期刊
NATURWISSENSCHAFTEN
卷 101, 期 1, 页码 25-31出版社
SPRINGER
DOI: 10.1007/s00114-013-1125-3
关键词
Pheromone response; Genetic effect; Insect reproduction; Rover-sitter polymorphism; Apis mellifera; Drosophila melanogaster
资金
- Ontario Graduate Scholarship
- Natural Sciences and Engineering Research Council of Canada
In this study we test one central prediction from sociogenomic theory-that social and non-social taxa share common genetic toolkits that regulate reproduction in response to environmental cues. We exposed Drosophila females of rover (for (R)) and sitter (for (s)) genotypes to an ovary-suppressing pheromone derived from the honeybee Apis mellifera. Surprisingly, queen mandibular pheromone (QMP) affected several measures of fitness in flies, and in a manner comparable to the pheromone's normal effect on bee workers. QMP-treated sitter flies had smaller ovaries that contained fewer eggs than did untreated controls.

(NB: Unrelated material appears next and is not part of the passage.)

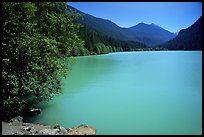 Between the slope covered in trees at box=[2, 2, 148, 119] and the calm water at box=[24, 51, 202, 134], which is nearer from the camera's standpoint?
the slope covered in trees at box=[2, 2, 148, 119]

QMP-treated rover flies, by contrast, showed a more variable pattern that only sometimes resulted in ovary inhibition, while a third strain of fly that contains a sitter mutant allele in a rover background (for (s2)) showed no ovarian response to QMP. Taken together, our results suggest that distinctly non-social insects have some capacity to respond to social cues, but that this response varies with fly genotype. In general, the interspecific response is consistent with a conserved gene set affecting reproductive physiology. The differential response among strains in particular suggests that for is itself important for modulating the fly's pheromonal response.